What sort of 21 year old kid would put up with it, could tolerate the pressure applied by Big Earl Woods?

"I just love to play," says Tiger Woods, shrugging it off.

Won't he outgrow Earl? Won't he rebel at some stage, journalists ask each other afterwards.

"Nab," says the experts. "Earl will just die. Earl will have a big heart attack and die and that will be the end of it."

Golly.

The Eighth: Cleavage Corner

AFTER THE first half dozen holes, the crowd gets tired and starts taking short cuts. They follow every drive and every step.

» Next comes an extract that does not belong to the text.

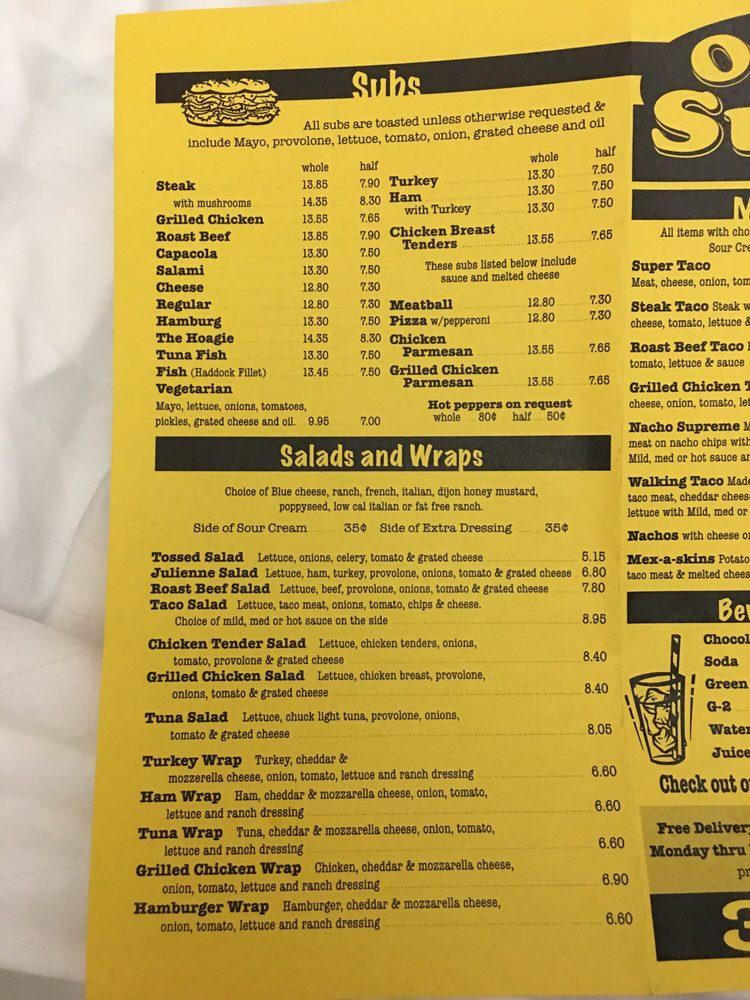 Menu at On the Side Sub Shop pizzeria, Olean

There is one woman of Asian extraction whose beauty is such that she stands out in a crowd. Even this crowd. She's wearing a low cut summer dress. On each hole she positions herself about 20 yards in front of the tee box right in at the ropes. Every time Tiger Woods drives and starts on his walk down the fair way, she leans forward, way forward in her low cut dress, and wiggles her waggle.

"Tiger. Hey there Tiger."

Big deal waiting for the first to print that Tiger has started to play around. Big tabloid bucks.

Hey Tiger. Fore!

The Ninth: Hand of God

THE TV camera batches everything. Even this. The kid in the wheelchair has been here since dawn. He's wearing his Nike hat and his Nike shirt and every hack in Ohio has interviewed him by this stage. Great yarn. Kid in a wheelchair waiting for his hero.

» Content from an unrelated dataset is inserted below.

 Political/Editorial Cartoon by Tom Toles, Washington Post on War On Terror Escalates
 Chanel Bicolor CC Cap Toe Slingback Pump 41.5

And Tiger breezes straight past. No fault of his own. Between fairways, from green to tee, Woods is ushered around like a rock star. He never sees the kid in the wheelchair.

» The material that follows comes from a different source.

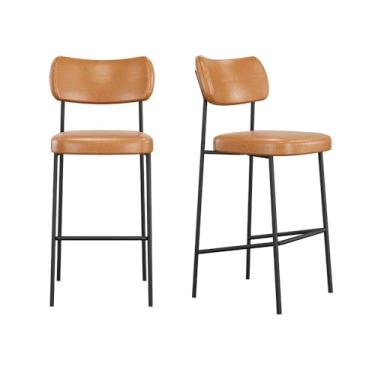 Imagem de Conjunto 2 Banquetas Alta Stela para Cozinha Courino Whisky - Belliv Decor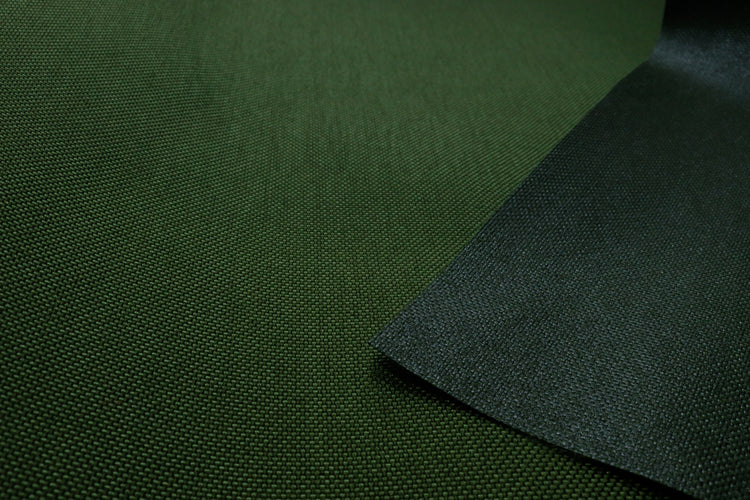 Close-up of olive colored Cordura Classic 1000D nylon 6.6 fabric texture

Mike Cowan sees what has just gone down. He bends down and whispers to the kid. He charges up to the tee. Charges back again, bearing a piece of paper with Tiger Woods signature on it. He takes the kid's little white cap. Makes the journey again. A big fat man lurching about in the Ohio sun.

A Nike hat with Tiger's name on it. The child couldn't look happier if he'd just stood up and walked.

"Thanks, Fluff. Gee thanks, Fluff."

The Tenth: Fluff Stuff

MIKE COWAN equals Fluff.

Tiger Woods is the fastest man ever to make $2 million in prize money on the circuit. He needed 34 fewer tournaments to do it in than anyone else.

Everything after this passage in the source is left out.